Use Cases: Category & Market Intelligence
Understand the Competitive Landscape in a Category, Track Brand Market Share Trends Over Time, or Identify New Entrants or Challenger Brands Gaining Momentum
Understand the Competitive Landscape in a Category
Use this workflow when you're entering a new category, onboarding a new client, or need a foundational view of who the key players are and how they're competing — across both search and sales.
Steps:
- Open Category Snapshot and apply your category filter — review the brand share tiles to see who holds the most search visibility and estimated sales share. The organic and sponsored keyword breakdowns show whether category leaders are winning through paid investment, organic strength, or both.
- Open Search Visibility Tracker filtered to the same category — use this to see the overall keyword landscape: how many keywords are active in the category, how search visibility is distributed, and whether any brands have meaningfully grown or declined their presence over the selected window.
- Open Category List if you need to confirm the right category node — incorrect category strings are the most common reason reports return incomplete data. Run Category List with an item ID or brand name to confirm the exact full path before running other reports.
What you'll know when you're done: A clear view of who dominates the category, whether leadership is paid or organic in nature, and which brands represent the biggest competitive threats or opportunities.
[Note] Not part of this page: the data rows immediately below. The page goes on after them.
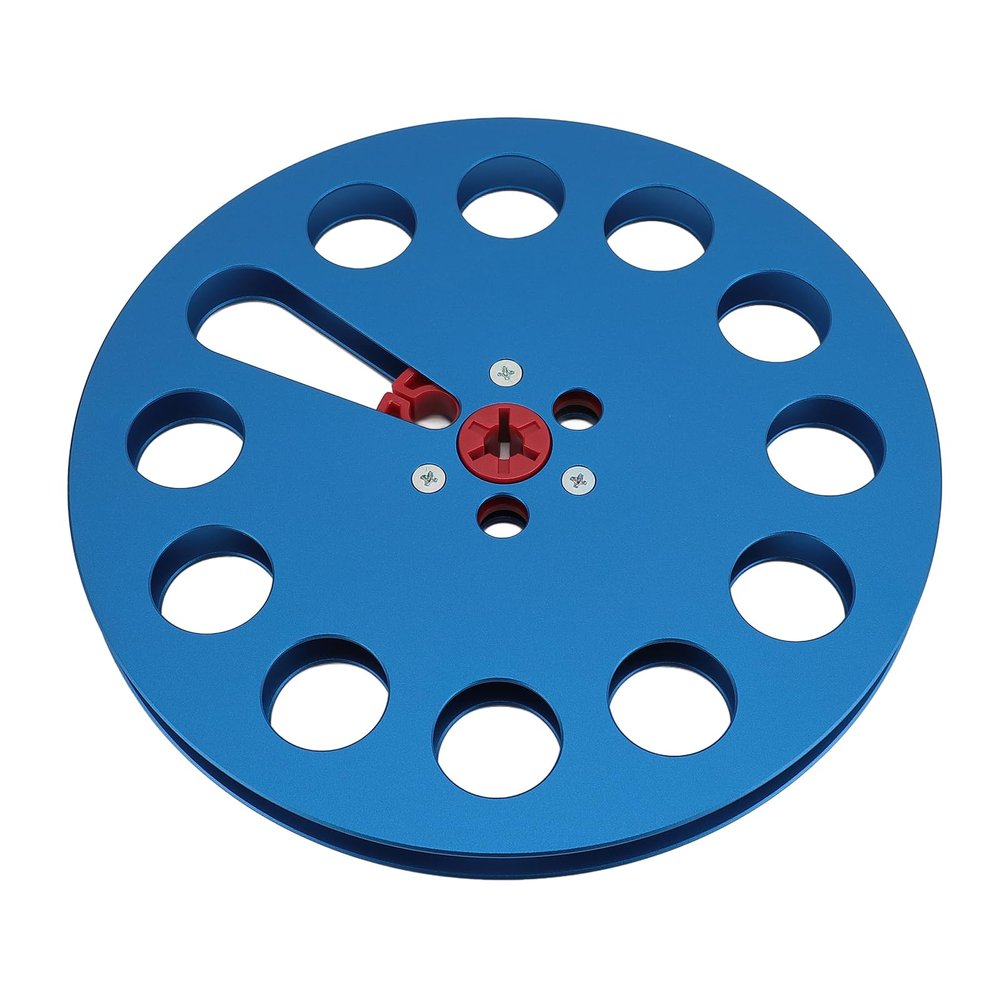 Masyrt 1/4 7 Inch Universal Aluminum Alloy Tape Reel, 11 Holes Sound Open Reel, Empty Take Up Recording Sound Tape Reel (Blue)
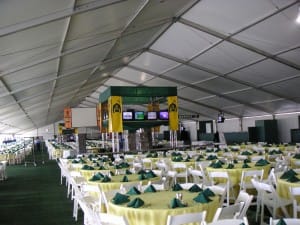 large clearspan rental tent. Seated over 2.000 people for a sit down dinner     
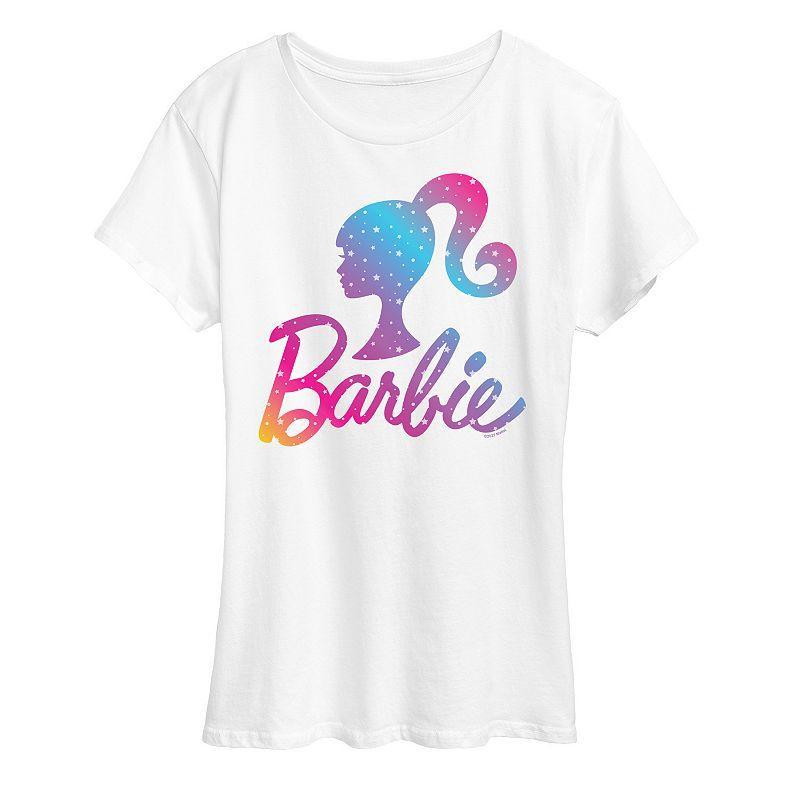 Womens Barbie Logo Winter Stars Graphic Tee White Product Image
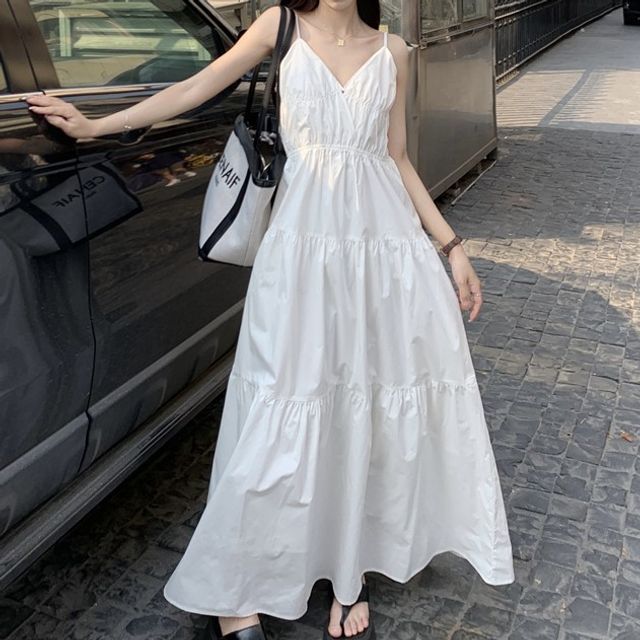 spaghetti strap plain ruffle ruched maxi a-line dress Spaghetti Strap Maxi Dress with Front Slit and Ruffle-Pink – Curvphilo
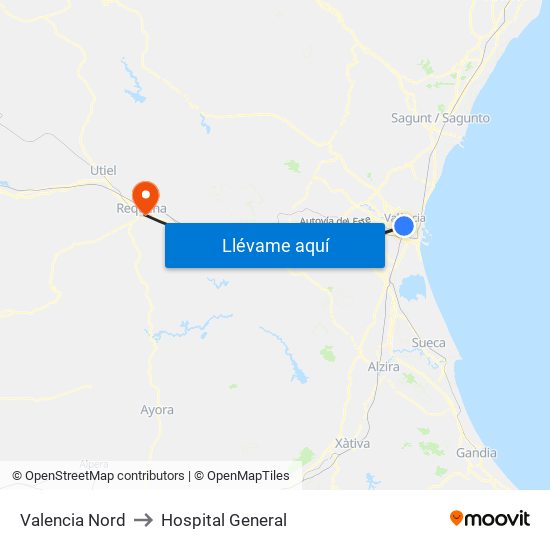 Valencia Nord to Hospital General map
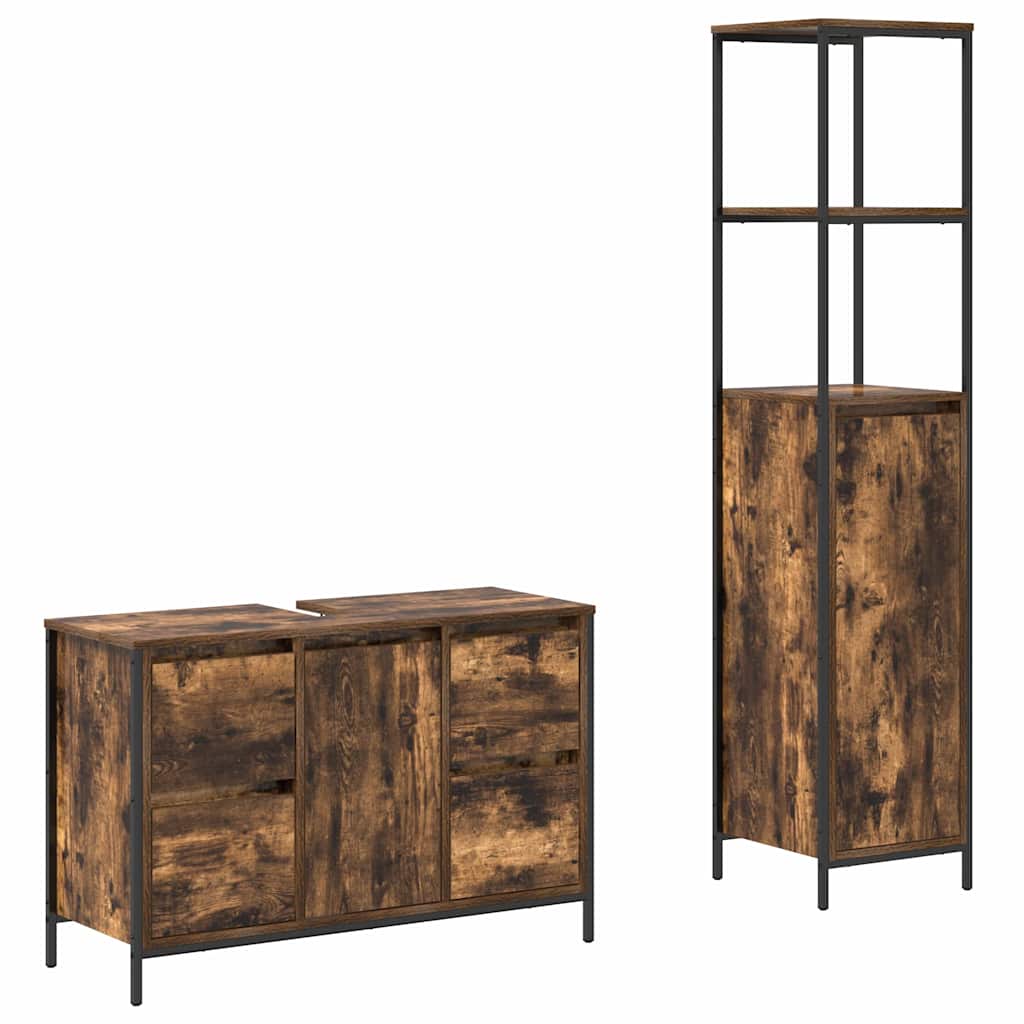 Badrumsmöbelset 2 pcs Rökt ek och svart 36 x 35 x 165 cm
Track Brand Market Share Trends Over Time
Use this workflow when you need to monitor how competitive positioning is shifting within a category — for ongoing client reporting or to flag when a brand starts gaining or losing meaningful ground.
Steps:
- Open Category Sales Share and filter to your category — set a meaningful lookback window (at least 13 weeks; longer is better for trend clarity). Review the share trend lines by brand. Focus on directional shifts rather than small fluctuations — this data is modeled and best used to identify meaningful movement, not to track minor week-to-week variance.
- Cross-reference with Search Visibility Tracker filtered to the same category and brand set — sales share movement often follows or precedes search visibility movement. A brand gaining search visibility but not yet sales share is a leading indicator worth watching.
- If a specific brand's trend warrants a deeper look, open Competitive Brand Comparison — this gives you a side-by-side view of search visibility, sponsorship activity, and keyword presence across the brands in question.
What you'll know when you're done: A clear, ongoing read on which brands are gaining or losing share in the category, and whether those shifts are being driven by paid, organic, or both.
Identify New Entrants or Challenger Brands Gaining Momentum
Use this workflow when you want to surface emerging competitive threats or identify fast-growing brands worth pursuing as prospects before they've become obvious targets.
Steps:
- Open Competitive Brand Comparison for your category — sort by change in search visibility vs. prior period to surface brands that have meaningfully grown their keyword presence. Brands with a large positive delta are either ramping paid investment or making gains in organic content.
- Open Category Sales Share for the same category and period — confirm whether search visibility gains are translating to sales share gains. A brand growing both metrics simultaneously is the clearest signal of real momentum.
- Open Brand KPIs & Benchmarks for the rising brand — review their percentile ranking on sponsored activity and organic search. A brand in a low sponsorship percentile but rising fast in search visibility may be doing it with content alone — which makes them an interesting BD target or a threat to monitor.
What you'll know when you're done: A ranked view of which brands are genuinely accelerating in the category, with enough signal to decide whether to flag them as a competitive threat or pursue them as a new business opportunity.